The 2,000-strong pub company wants to build on the increasing number of women looking to run a pub, a trend driven by the post-smoking ban focus on family-friendly and clean pubs with safer and calmer environments.
"I'd like to see more women take the step," said Caroline Hollings, training and recruitment director at Greene King.
Just 13% of Greene King's main licence holders are women.
Paul West, managing director at Ignite Marketing, welcomed the move to increase the proportion of female employees in the traditionally male-dominated pub industry. "Greene King is doing the right thing because the pub industry is changing dramatically, becoming more family-friendly and food-orientated," he said. "It would benefit the industry to recruit from a wider selection and to specifically target women is probably a good idea."
However, West warned that the tag of ‘public housewives' could be misinterpreted. "It implies to people an image of being married and takes away from the fact that this is about running your own business," he said. "But recruiting more women can only be a good thing."

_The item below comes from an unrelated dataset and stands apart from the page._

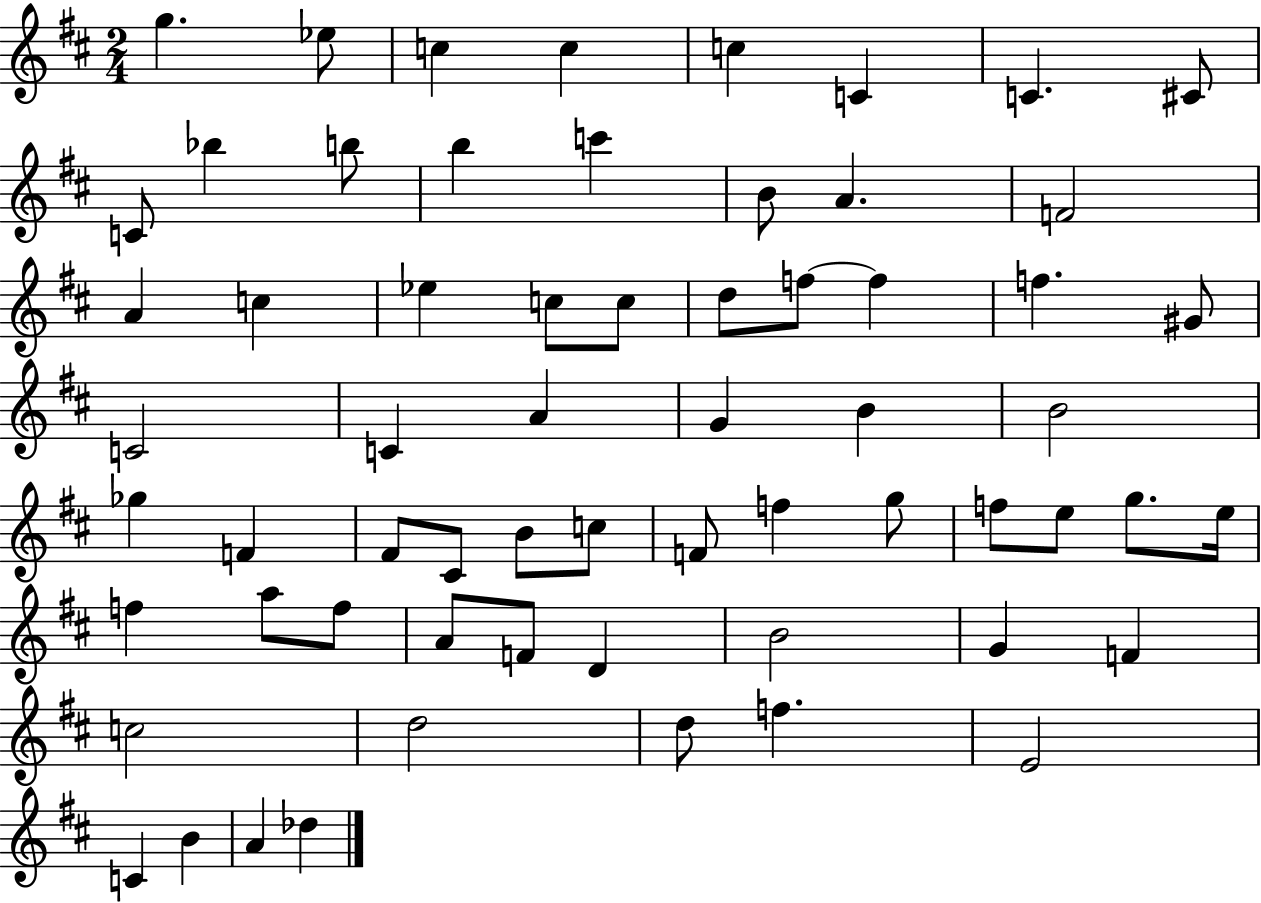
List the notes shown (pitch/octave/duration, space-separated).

G5/q. Eb5/e C5/q C5/q C5/q C4/q C4/q. C#4/e C4/e Bb5/q B5/e B5/q C6/q B4/e A4/q. F4/h A4/q C5/q Eb5/q C5/e C5/e D5/e F5/e F5/q F5/q. G#4/e C4/h C4/q A4/q G4/q B4/q B4/h Gb5/q F4/q F#4/e C#4/e B4/e C5/e F4/e F5/q G5/e F5/e E5/e G5/e. E5/s F5/q A5/e F5/e A4/e F4/e D4/q B4/h G4/q F4/q C5/h D5/h D5/e F5/q. E4/h C4/q B4/q A4/q Db5/q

Greene King's recruitment drive came as a joint report by the CBI and the TUC, entitled Talent Not Tokenism, revealed that employers which recruit staff based on their abilities, regardless of their sex, have improved retention rates and lowered recruitment costs.
The report praised bar and hotel operator Botanic Inns for providing employees with a wide range of flexible working options, a 24-hour advice service and enhanced maternity and paternity pay, resulting in lower staff turnover.